Na propaganda eleitoral, ouvimos Simone Tebet repetir, dia após dia, com todas as letras: “Eu represento 53% da população brasileira”. O que lhe permite dizer, em rede nacional, um absurdo desse tamanho sem ser acusada de propalar “fake News” é naturalmente o identitarismo. Segundo dados estatísticos, 53% da população brasileira compõe-se de mulheres, portanto Simone Tebet, sendo mulher, representa todas as outras. O raciocínio é tão simplista que chega a espantar que seja defendido em universidades e na imprensa por gente tão bem preparada intelectualmente.
Nossa sorte é que o povo, com sua sabedoria nem sempre tão letrada, não é tão parvo quanto imaginam os defensores dessas teorias. Bastaria perguntar à empregada doméstica se ela se sente representada pela sua patroa ou perguntar a qualquer mulher que trabalhe para se sustentar se ela se sente representada por uma latifundiária, herdeira de terras em Mato Grosso do Sul.

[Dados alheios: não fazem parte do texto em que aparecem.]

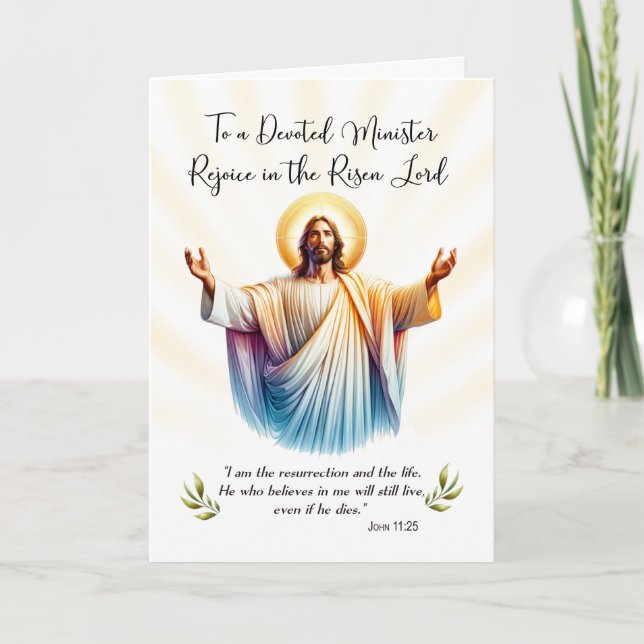 Minister Påsk Jesus är Risen Rejoice Scripture Kort (Framsida)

O Jornal Nacional, da Rede Globo, vem apresentando uma série de reportagens sobre a “democracia”, veiculadas diariamente. Desfilam na tela todas as noites, antes da novela, os ministros do STF, chamados a fazer o elogio de nossas instituições e da Carta Magna. Segundo eles, a mãe democracia abençoou não só a Constituição de 1988 como a possibilidade de fazer emendas a ela que reflitam os avanços sociais. O cenário especial, as entrevistas dos magistrados, tratados como verdadeiras celebridades, e os depoimentos de mulheres, pessoas LGBT, negros e jornalistas perseguidos pela ditadura de 1964 dão o tom do programa.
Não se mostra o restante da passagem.